Il film racconta del boom di Pornhub in tutto il mondo, finché un reportage del New York Times firmato Nicholas Kristof non ha svelato, attraverso le dichiarazioni di vari testimoni, che la sua società gemella, MindGeek, ospitava video illegali a tema pedopornografia e stupro. Hillinger mi ha promesso che il film avrebbe mostrato come le accuse di traffico a scopo sessuale da parte dell’estrema destra siano state il cavallo di Troia mandato per distruggere l’industria dell’intrattenimento per adulti.
Ero un po’ restia a mettermi davanti a una cinepresa per un’intervista: non mi piace lavare i panni sporchi in pubblico.
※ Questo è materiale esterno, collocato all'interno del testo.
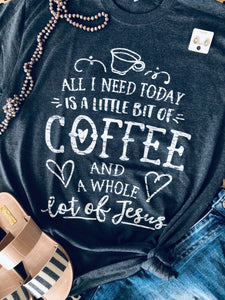 Little Coffee Whole Lotta Jesus Tee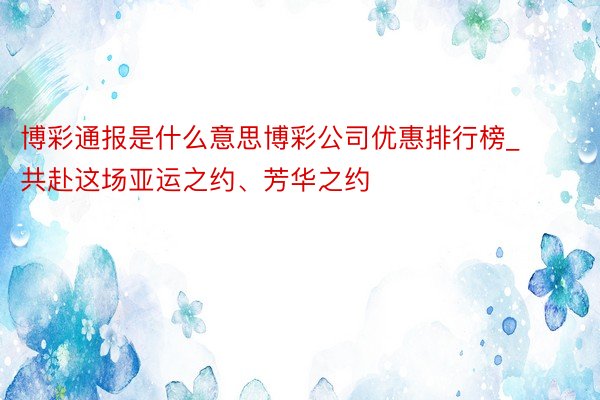 博彩通报是什么意思博彩公司优惠排行榜_共赴这场亚运之约、芳华之约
Rispettavo il lavoro di Hillinger, ma in generale mi fido poco dei registi di documentari. La maggior parte dei film sul mondo del porno seguono il modello di Hot Girls Wanted: tendono a rappresentarci come un gruppo di ragazze manipolate, abusate e dal quoziente intellettivo bassissimo.
Ma più di tutto, ero stanca di parlare di Pornhub. Dall’uscita dell’articolo di Kristof chiunque, da Vanity Fair a (ironia della sorte) il New York Times, mi ha chiesto di dire la mia su questo scandalo. Lo capisco. Sono una delle più famose pornostar americane. Scrivo di sesso per diversi siti e testate. Ma sono stufa. Personalmente, non me ne frega niente di Pornhub. Non voglio essere costretta a preoccuparmi per un sito porno, perché non dipendo solo da quello. Se chiudono Pornhub, altri settemila siti spunteranno come i funghi.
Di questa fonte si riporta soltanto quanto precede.